*ACTION ITEM*
All lines from the one with "this 640×480 image." through the last line of the data below should be copied exactly; please add nothing.

*DATA EXCERPTS*
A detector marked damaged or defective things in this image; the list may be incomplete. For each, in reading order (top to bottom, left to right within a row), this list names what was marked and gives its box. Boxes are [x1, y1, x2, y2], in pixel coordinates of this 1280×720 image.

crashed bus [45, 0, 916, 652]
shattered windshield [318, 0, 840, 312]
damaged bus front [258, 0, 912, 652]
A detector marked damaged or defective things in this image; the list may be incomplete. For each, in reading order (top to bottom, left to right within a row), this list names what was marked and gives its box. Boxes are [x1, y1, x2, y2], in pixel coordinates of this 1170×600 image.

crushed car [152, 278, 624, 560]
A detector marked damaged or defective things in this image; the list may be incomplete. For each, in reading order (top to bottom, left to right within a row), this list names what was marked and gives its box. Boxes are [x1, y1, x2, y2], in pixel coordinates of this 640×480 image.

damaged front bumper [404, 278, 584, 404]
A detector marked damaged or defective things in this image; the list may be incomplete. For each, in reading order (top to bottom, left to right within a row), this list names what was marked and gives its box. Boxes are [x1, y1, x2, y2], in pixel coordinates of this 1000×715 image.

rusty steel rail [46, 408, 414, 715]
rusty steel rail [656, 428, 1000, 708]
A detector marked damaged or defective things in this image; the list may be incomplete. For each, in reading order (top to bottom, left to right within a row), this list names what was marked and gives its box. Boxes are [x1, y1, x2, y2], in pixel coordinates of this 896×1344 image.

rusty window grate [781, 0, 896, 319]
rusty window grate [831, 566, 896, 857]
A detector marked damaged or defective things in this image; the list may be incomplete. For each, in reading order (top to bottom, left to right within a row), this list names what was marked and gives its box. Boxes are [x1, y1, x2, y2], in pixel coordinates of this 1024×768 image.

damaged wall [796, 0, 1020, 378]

*RESULT OF THIS EXERCISE*
A detector marked damaged or defective things in this image; the list may be incomplete. For each, in reading order (top to bottom, left to right within a row), this list names what was marked and gives its box. Boxes are [x1, y1, x2, y2], in pixel coordinates of this 640×480 image.

damaged front bumper [404, 278, 584, 404]
A detector marked damaged or defective things in this image; the list may be incomplete. For each, in reading order (top to bottom, left to right within a row), this list names what was marked and gives its box. Boxes are [x1, y1, x2, y2], in pixel coordinates of this 1000×715 image.

rusty steel rail [46, 408, 414, 715]
rusty steel rail [656, 428, 1000, 708]
A detector marked damaged or defective things in this image; the list may be incomplete. For each, in reading order (top to bottom, left to right within a row), this list names what was marked and gives its box. Boxes are [x1, y1, x2, y2], in pixel coordinates of this 896×1344 image.

rusty window grate [781, 0, 896, 319]
rusty window grate [831, 566, 896, 857]
A detector marked damaged or defective things in this image; the list may be incomplete. For each, in reading order (top to bottom, left to right within a row), this list names what was marked and gives its box. Boxes are [x1, y1, x2, y2], in pixel coordinates of this 1024×768 image.

damaged wall [796, 0, 1020, 378]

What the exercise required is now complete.